There's no provision for refunds where an Entitlement Card holder has paid the English prescription charge.

Changes in personal circumstances should be notified to NHS NSS Practitioner Services as soon as possible.

Applying for an Entitlement Card

You can get an Entitlement Card application form from your local GP practice. Alternatively, contact Practitioner Services for the relevant area that you live within Scotland.

If you live in the Borders NHS Board area, please contact the Edinburgh Regional Office and clearly mark your envelope 'Entitlement Card Application'.

If you live in Dumfries and Galloway NHS Board area, please contact the Glasgow Regional Office and clearly mark your envelope 'Entitlement Card Application'.

Your local GP practice in England is required to stamp the application form prior to the eligible patient sending it to the relevant address above.

On receipt of the completed application, Practitioner Services will issue an Entitlement Card. There's no charge for an Entitlement Card.

Entitlement Cards are valid for 5 years so you won't have to reapply every year unless the holder is nearing 60. In that case, the Entitlement Card will expire on the patient's 60th birthday.

Using the Entitlement Card outside of Scotland

If you live in Scotland, but registered with a GP practice in England, you'll need to present your prescription for dispensing in Scotland together with your Entitlement Card.

The name and address on the card must match those on the English prescription form (FP10).

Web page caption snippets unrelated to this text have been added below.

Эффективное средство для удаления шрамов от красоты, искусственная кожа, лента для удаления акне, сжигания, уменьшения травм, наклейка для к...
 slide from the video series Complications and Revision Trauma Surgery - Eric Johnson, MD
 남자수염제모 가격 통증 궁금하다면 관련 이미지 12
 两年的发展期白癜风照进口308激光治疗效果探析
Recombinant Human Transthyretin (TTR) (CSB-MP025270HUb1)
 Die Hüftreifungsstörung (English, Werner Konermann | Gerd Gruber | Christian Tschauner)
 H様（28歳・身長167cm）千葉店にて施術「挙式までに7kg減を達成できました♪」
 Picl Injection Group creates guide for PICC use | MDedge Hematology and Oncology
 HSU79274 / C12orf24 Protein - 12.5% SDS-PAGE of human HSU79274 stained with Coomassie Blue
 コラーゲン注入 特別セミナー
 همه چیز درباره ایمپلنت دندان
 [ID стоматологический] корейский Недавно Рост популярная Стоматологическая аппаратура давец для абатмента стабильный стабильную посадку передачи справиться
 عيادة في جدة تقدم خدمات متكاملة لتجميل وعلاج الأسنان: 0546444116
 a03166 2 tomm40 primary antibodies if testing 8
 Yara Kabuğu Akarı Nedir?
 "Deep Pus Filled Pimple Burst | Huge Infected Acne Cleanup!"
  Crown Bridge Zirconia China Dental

If a patient presents a prescription for dispensing at a pharmacy in England they'll be required to pay the English charge unless they fall within one of the exemption categories listed in the equivalent English Regulations.

Registering with a GP in Scotland or no longer live in Scotland

If a person named on an Entitlement Card registers with a GP in Scotland, or is no longer ordinarily and legally resident in Scotland, that person or the person's representative must inform Practitioner Services and return the Entitlement Card to Practitioner Services.